→ **Problem description**
Once the line containing "West Louis™ Pigskin" is found in the entries below, restate it and each following line word for word, stopping after the line containing "Korean style holiday".

→ **Stored data**
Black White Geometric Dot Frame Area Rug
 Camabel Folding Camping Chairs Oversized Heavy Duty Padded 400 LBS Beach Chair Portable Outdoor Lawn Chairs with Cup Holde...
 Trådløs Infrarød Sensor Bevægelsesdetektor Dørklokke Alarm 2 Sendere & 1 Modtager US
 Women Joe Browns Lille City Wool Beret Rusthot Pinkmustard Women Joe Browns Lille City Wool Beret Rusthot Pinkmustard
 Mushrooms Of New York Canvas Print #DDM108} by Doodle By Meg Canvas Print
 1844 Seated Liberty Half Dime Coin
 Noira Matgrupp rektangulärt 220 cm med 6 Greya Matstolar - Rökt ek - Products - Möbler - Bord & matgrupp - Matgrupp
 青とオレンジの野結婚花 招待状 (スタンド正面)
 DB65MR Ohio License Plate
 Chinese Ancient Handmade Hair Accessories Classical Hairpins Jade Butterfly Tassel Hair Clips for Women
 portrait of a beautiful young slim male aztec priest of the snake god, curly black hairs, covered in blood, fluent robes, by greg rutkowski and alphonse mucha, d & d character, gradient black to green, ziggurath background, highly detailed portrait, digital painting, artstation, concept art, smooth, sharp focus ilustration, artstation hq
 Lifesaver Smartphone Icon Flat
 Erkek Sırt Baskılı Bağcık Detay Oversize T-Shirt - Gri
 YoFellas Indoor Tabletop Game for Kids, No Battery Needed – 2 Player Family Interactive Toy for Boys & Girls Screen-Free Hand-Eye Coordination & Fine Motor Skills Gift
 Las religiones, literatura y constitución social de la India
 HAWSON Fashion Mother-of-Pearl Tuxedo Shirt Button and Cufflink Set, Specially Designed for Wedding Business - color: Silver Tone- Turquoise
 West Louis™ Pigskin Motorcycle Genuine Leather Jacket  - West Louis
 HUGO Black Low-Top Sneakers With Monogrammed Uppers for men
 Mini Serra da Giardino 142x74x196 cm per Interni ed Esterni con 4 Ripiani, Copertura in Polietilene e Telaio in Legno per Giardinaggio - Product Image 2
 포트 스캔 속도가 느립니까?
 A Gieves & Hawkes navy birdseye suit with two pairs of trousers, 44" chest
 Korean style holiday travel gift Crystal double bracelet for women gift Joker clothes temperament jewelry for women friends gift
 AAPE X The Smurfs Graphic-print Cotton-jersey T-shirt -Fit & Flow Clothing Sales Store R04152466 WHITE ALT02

→ **Answer box**
 West Louis™ Pigskin Motorcycle Genuine Leather Jacket  - West Louis
 HUGO Black Low-Top Sneakers With Monogrammed Uppers for men
 Mini Serra da Giardino 142x74x196 cm per Interni ed Esterni con 4 Ripiani, Copertura in Polietilene e Telaio in Legno per Giardinaggio - Product Image 2
 포트 스캔 속도가 느립니까?
 A Gieves & Hawkes navy birdseye suit with two pairs of trousers, 44" chest
 Korean style holiday travel gift Crystal double bracelet for women gift Joker clothes temperament jewelry for women friends gift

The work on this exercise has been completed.